A blue griffon with black talons and beak and a gold crown on its head.
James Coat’s 1725 Dictionary of Heraldry says that griffons were used ‘to express strength and swiftness join'd together, and extraordinary Vigilancy to preserve things they are entrusted with’.
Blue crowned Griffons had been used on the shield of Forsyth of Forsyth since at least Sir Robert Foreman’s heraldic manuscript of 1563 and the Workman manuscript of 1565-6.
In the 1520s James Forsyth of Nydie married a wealthy heiress, Elizabeth Leslie, who was granddaughter of the Earl of Rothes. It is possible that the Griffon was adopted by the Forsyths at this time, as the griffon was a Leslie emblem and the Forsyths followed their more powerful kinsmen in politics thereafter.

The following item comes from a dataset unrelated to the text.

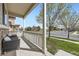 Relaxing covered porch with seating overlooking a serene street and a lush green lawn at 9751 Mobile St, Commerce City, CO 80022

In 1538 John Forsyth was appointed king’s macer and became Falkland Persuivant, which may explain the little crown on the griffon. Elizabeth Leslie was also great granddaughter to James III, so the Forsyths may be expressing their royal descent through that.
The motto is ‘Instaurator ruinae’, Latin for a repairer of ruins. The significance of this is unclear, but it has some age to it. The earliest record of a Forsyth crest is in the Lyon Register of the later seventeenth century for Mr James Forsyth of Tailzerton (descended from Forsyth of Dykes) which had a green half-griffon (no crown) with motto Instaurator Ruinae. This is also recorded in Nisbet’s 1720s System of Heraldry. Not quite the modern crest, but on its way.
The uncrowned half-griffon was still the crest in the 1960s when our Carrick line of cap badges was devised. The adoption of the full griffon with crown was probably adopted in 1970 when the Lord Lyon recognised Alistair Forsyth as the chief.